# Can I convince myself to want kids?



## Cityboy12

Hello everyone. I just joined today and this is my first post. I have searched around numerous websites and found similar discussions but all having to do whether people want kids or not. I'm looking to find out if there are any methods of convincing myself that I do want them. Here is my story.

I'm going in to my late 30's this year. I've been married over 5 years, together about 8. My parents split after 20+ years of marriage ( I was about 15) and my family life is just about non-existent. My wife's family has accepted me as one of their own. I have an unusually great relationship with my in-laws. When we got engaged, the talk of children was that it was really undecided on what I wanted. She wasn't ready to have them right away either so the waiting was mutual. I always said I'd never get married and I did. I couldn't promise her that I definitely wanted kids but it was something I would consider. Well, we both decided that we'd wait a few years, do lots of traveling (which we have) and now she feels that we've had our fun and should start trying. I however don't wake up in the morning and "want" to have kids like she does. I still don't know if I want them at all. When I go to the mall or somewhere and I hear children screaming or crying I start to cringe at the thought. We have gone through some ups and downs in our relationship and we are doing well now. I realize that I married the best thing that has ever happened to me, I've done things with her that I would have never thought possible. She has been on the ttc kick lately and it has been bothering me a little bit because I don't feel on board like she is. I don't want to lose her and I'm desperately looking for the way to feel like I want to start a family. I feel like she may be starting to resent me.
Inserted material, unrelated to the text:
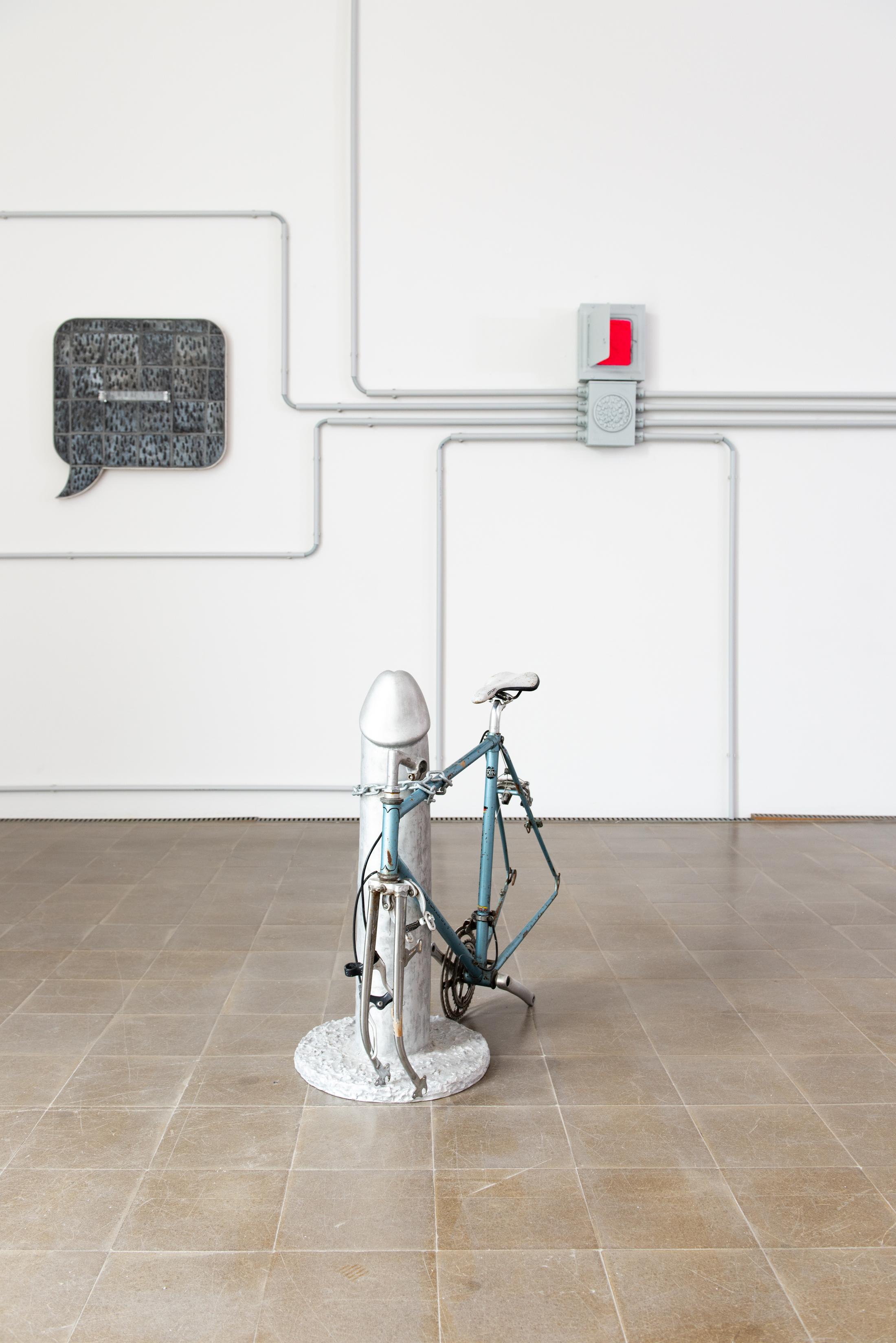 Exhibition View Liz Craft Solo Show «Me Princess» at Kunsthaus Centre d'art Pasquart, Biel, 2023 / Photo: Lea Kunz / Courtesy: the artist and Kunsthaus Centre d'art Pasquart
I've heard the "Oh, you don't know what you're missing", and "it's the best thing to ever happen to you" phrases. I'd like to just come to a point that I feel like I WANT to have kids. I just don't know how to go about doing it. I mean, it's been years now and I'm obviously old enough. I just don't know what to do. Any help is appreciated. Thanks for listening.


----------



## YinPrincess

Having kids is a huge responsibility, so take your time and think long and hard about it.

My husband and I never planned to have children, either. I became pregnant even tho we were using birth control. We accept it, we're both petrified and anxious, but we are slowly learning to get excited.

He sounded a lot like you before we got pregnant, but he is looking forward to it now, at least he says he is.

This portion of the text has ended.